Sancrucensis

Pater Edmund Waldstein's Blog


The Body as Deep Mud, a Donkey, and the Hinge of Salvation

nativity copy

I am plunged into deep mire, and there is no standing. Ps 69(68):2

When Christ came into the world, he said, […] a body hast thou prepared for me. Heb 10:5

Caro salutis est cardo. (Salvation hinges on the flesh). Tertulian, De Resurrectione Carnis, VIII

For to what angel did God ever say, “Thou art my Son, today I have begotten thee”? Heb 1:5

The ox knows its owner, and the ass its master’s crib; but Israel does not know, my people does not understand. Is 1:3

The Psalm verse about being plunged into deep mud where there is no standing is usually applied to the Passion, but Charles De Koninck in Ego Sapientia (ch. 20) shows that it can also be applied to the Incarnation. The “deep mud” is the potentiality of matter into which the eternal Son, the pure act of Divinity, is sunk in becoming man. Fashionable theologians throw up their hands in horror at this sort of application. Not only on exegetical grounds, but above all because they are very sensitive to accusation that Christianity despises the body, and material reality. They hastily quote Tertulian’s famous pun, “Caro salutis est cardo.” (Salvation hinges on the flesh). But they seldom quote something else that Tertulian calls the flesh in the very same chapter of De Resurrectione Carnis: “huic substantiae frivolae ac sordidae” (this poor and worthless substance).
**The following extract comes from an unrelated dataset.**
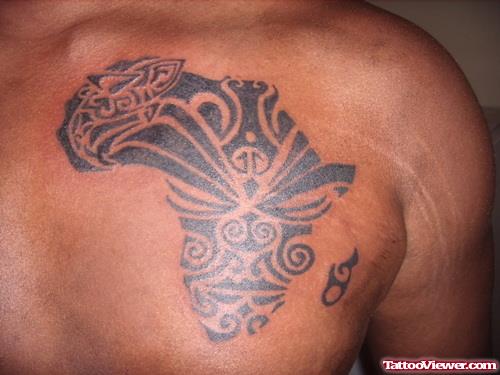 Maori African Map Tattoo On Man Chest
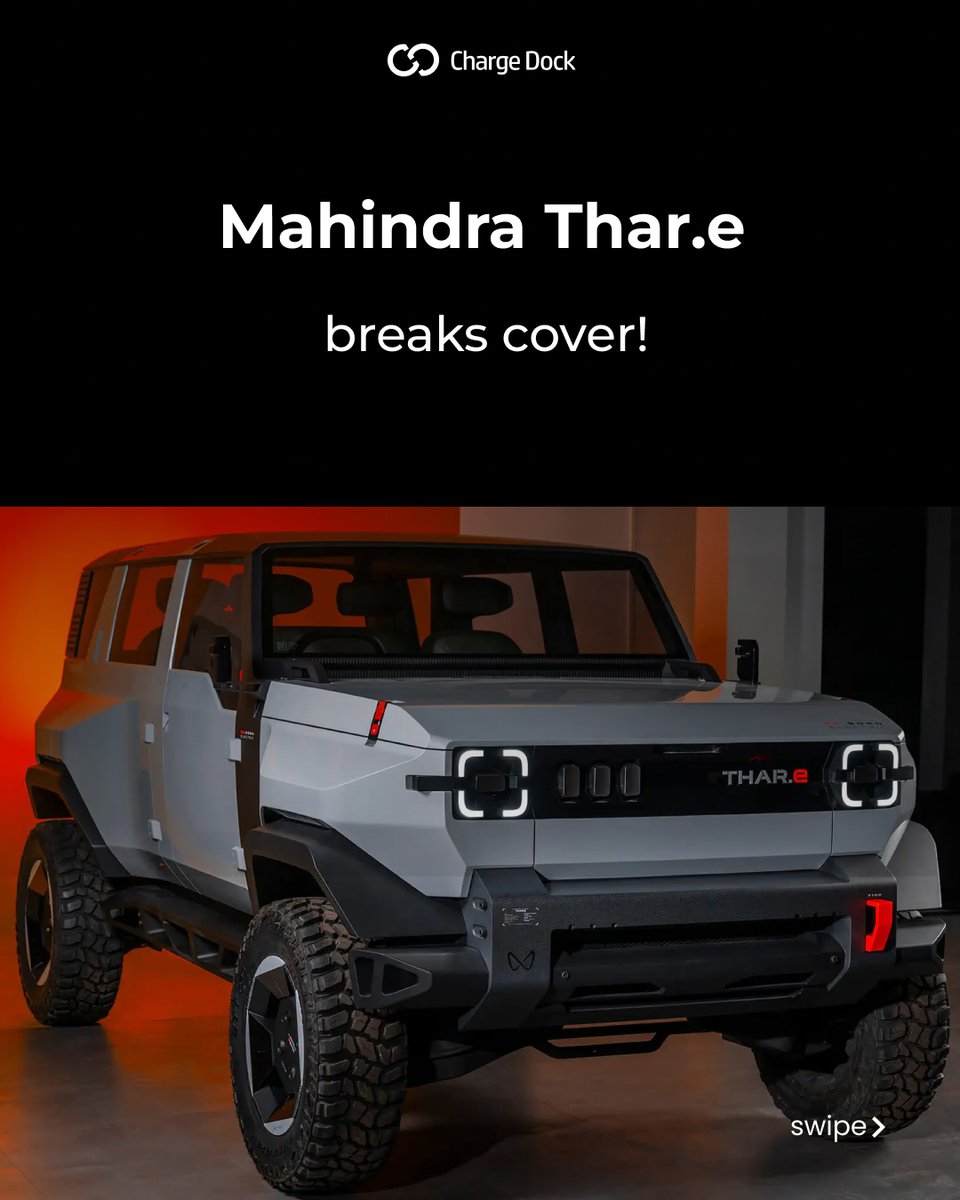 chargedockindia's tweet photo. The wait is finally over!
Say hello to India's very first, purpose-built all electric off-roader concept - Thar.e

#mahindra #mahindrathar #thar.e #bornelectric #mahindrathar4x4 #thar #trending #launchalert #futurescape #international #globaldebut #cars #carnews #ev #evnews https://t.co/sTKwNTUcON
Tertulian does indeed defend the body against Gnostics and Platonists – the body is neither evil nor pure privation, it is good and created by God – but neither does he have any illusions about its nobility, considered merely according to its nature. Indeed, it is the very lowliness of matter that enables the flesh to be the hinge of salvation.

nativity angel

Material creation, as De Koninck brilliantly shows (ch. 19), has the lowest place in the hierarchy of created things. The purely spiritual creatures, the angels, tower above the material things. A single angel is more perfect than the entire material cosmos. The light of the angelic mind is so brilliant that from the start of their existence the angels know more than all our philosophers and scientists will ever be able to find out. And therefore they have no history. Each angel at the beginning of its existence, with full knowledge, made an irrevocable decision for or against God.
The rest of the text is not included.